Retail

Zomato Faces Challenges With Gold Subscription

Zomato

As restaurants lose interest in the company’s Gold Subscription program, food delivery startup Zomato is hitting roadblocks in India. The offering was meant to be a win-win for restaurant partners along with Zomato, according to reports.

With the Gold program, restaurants had the ability to win some customers and gain better discovery while taking in enhanced reviews due to freebies. Zomato had a better ability to monetize its customer base. (It charges a fee for a subscription to Gold.) However, according to reports, the company “somewhere down the line” opened the program to everyone even though it was said to be meant for a limited number of subscribers.

Zomato CEO Deepinder Goyal noted that the company made some mistakes and took note of the resistance. Goyal said, according to reports, “Somewhere, we have made mistakes and things haven’t gone as planned. This is a wake up call that we need to do 100x more for our restaurant partners than we have done before.”

According to the report, over 2,000 of the 6,500 Zomato Gold restaurant partners opted out of the offering in recent days. The disruption happened after a trade body, the National Restaurant Association of India (NRAI), started a campaign against Zomato as well as dining startups like Dineout, Nearbuy, Magicpin and EazyDiner.

In separate Zomato news, the food delivery service is taking to the skies to traverse routes that are densely populated. According to news in June, the company said it had made a successful test of delivery by hybrid drone.

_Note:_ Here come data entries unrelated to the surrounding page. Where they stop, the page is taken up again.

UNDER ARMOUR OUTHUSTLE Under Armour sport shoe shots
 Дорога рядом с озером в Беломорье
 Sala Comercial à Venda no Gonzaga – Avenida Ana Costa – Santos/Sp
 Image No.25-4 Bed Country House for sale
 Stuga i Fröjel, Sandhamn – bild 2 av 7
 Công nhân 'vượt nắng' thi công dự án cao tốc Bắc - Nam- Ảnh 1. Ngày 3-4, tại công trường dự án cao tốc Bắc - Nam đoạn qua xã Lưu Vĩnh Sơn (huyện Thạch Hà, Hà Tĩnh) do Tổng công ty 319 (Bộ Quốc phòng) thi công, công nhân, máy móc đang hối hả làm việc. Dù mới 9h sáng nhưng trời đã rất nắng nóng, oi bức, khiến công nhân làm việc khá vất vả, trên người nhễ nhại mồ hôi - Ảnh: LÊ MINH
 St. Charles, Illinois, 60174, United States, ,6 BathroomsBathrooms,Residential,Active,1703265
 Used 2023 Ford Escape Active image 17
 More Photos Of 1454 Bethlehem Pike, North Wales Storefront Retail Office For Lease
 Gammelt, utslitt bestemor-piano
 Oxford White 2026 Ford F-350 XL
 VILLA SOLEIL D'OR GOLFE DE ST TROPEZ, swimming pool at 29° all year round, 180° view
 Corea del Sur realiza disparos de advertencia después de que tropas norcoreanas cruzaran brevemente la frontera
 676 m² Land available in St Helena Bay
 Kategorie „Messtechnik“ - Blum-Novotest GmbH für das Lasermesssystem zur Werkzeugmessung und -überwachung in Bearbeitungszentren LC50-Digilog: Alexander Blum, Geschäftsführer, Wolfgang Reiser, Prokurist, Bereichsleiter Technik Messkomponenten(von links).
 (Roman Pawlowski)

The drone covered 3.1 miles in less than 10 minutes and had an 11-pound payload, while the firm seeks to someday make deliveries within 15 minutes, per news at the time.

Goyal said per the report, “Fifteen minutes is only possible if we take the aerial route — roads are not efficient for very fast delivery.” Goyal continued, “While our biker fleet nowadays delivers in 30.5 minutes on an average (which is the fastest in the industry as far as we know), every incremental minute with our fleet becomes harder as it separates our users from their ordered food.”